Nvidia GT300 core: Speculation

Status
Not open for further replies.
Actually, he's saying they are parked before ANY of the metal layers are constructed. My question is whether there is any reason to construct one, a few, or most of the metal layers while not actually finishing the whole process. Based on your assumed ordering, I think it wouldn't make much sense, but I'd appreciate a more expert opinion.

Generally, you'll have wafers parked at a couple different metal layers. Effectively what you are doing with a metal respin in an asic flow is patching in bonus gates that have been automatically inserted wherever there is room. More most cell libraries, M1/M2 are generally intra-cell layers so it isn't out of the normal to spin most of the wafers to M1/M2 planar. Sometimes, depending on costs, you'll also park a couple wafers are a higher metal layer as well. Parking pre-M1/M2 is generally not that beneficial as if you have a problem in the M1/M2 you likely have bigger issues.
 
I could be mistaken, but I seem to recall GTX295s at Newegg, ZZZ and Microcenter on launch day.
They were in short supply for months - don't try to pretend anything else happened. The A3 revision was required to fix GT200b for volume production.

Jawed
 
They were in short supply for months - don't try to pretend anything else happened. The A3 revision was required to fix GT200b for volume production.

Jawed
Simply looking at how many were available versus demand isn't enough to state unequivocally that there was a production problem.
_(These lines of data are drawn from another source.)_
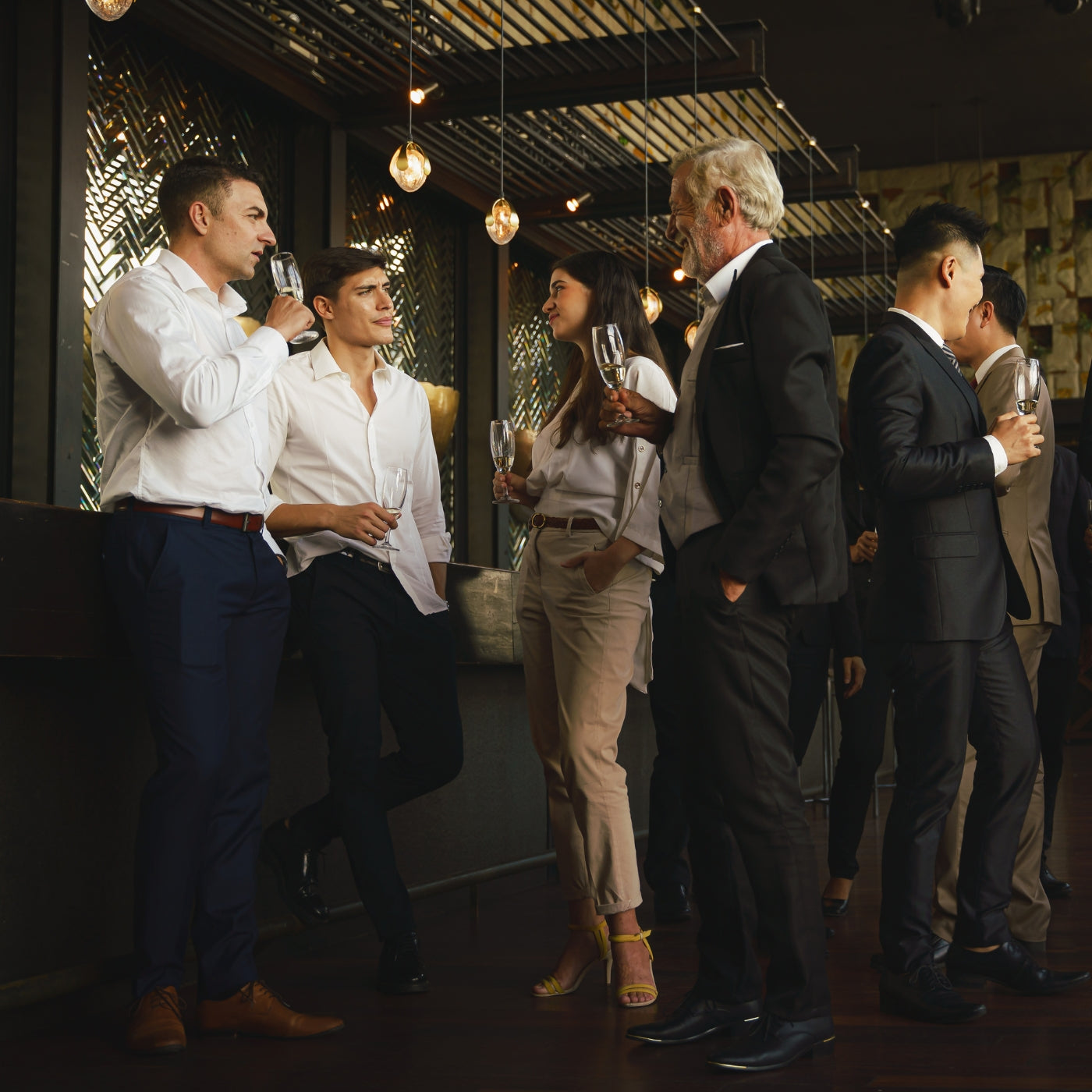Corporate businesspeople socializing and enjoying drinks together at a party in a club, celebrating a special event such as a corporate anniversary.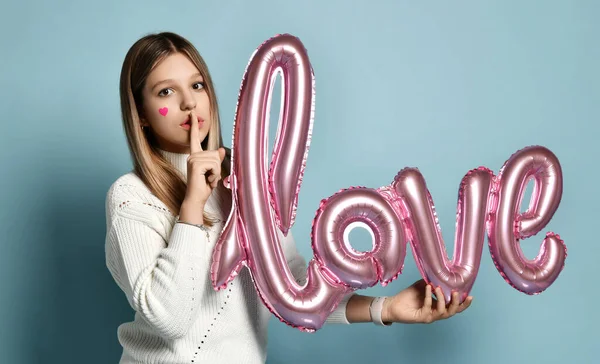 Blondes Teenie-Mädchen hält am Valentinstag einen rosafarbenen Luftballon in der Hand, der eine Geste des Schweigens zeigt. Liebe Wort Luftballons — Stockfoto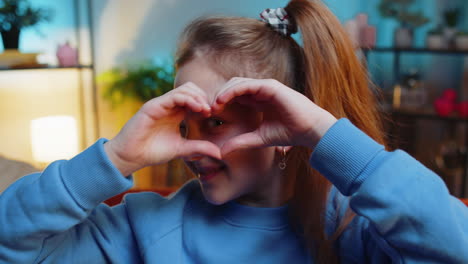 young child kid girl makes symbol of love showing heart sign to camera express romantic feelings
It may just be that demand was underestimated and it took time to ramp up.

To know there was a production problem, you would have to first have an idea of what kinds of total production you'd get absent a problem, and then also be aware of how many total sales were made.
 
I've not seen any statement that NVidia is paying per good GT21x, so quote, please?
I don't have any public info to back that up directly, but read what I said regarding what TSMC claims: their margins will improve when yields improve. And NVIDIA was the company ramping the most wafers when TSMC made that claim. If a foundry is selling on a per-wafer basis, its margins do not magically improve with yields unless they are adjusting wafer price to achieve something that has mostly the same effects as PGD!
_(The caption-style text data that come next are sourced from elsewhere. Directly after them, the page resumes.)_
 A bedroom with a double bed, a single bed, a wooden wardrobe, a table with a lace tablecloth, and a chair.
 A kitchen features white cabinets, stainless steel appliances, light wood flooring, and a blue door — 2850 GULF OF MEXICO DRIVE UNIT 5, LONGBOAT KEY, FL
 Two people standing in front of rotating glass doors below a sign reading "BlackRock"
Like GTX295 was a hard launch?

A3 was required for GT200b, and that's on a process that has been in full production since July 2007.
I think nobody's going to deny NV's execution on 65/55nm has been laughable. The point is here they're willing to allocate a lot more resources and potentially 'waste' a lot more money to get it right. They could screw it up massively again - I'll never deny that, it's obvious. But I think the question we need to ask is whether they've got a reasonable chance at delivering what Charlie still claims is basically impossible, and my point is they do and he'd be wise to hedge his bets even further - just as I did myself in this paragraph.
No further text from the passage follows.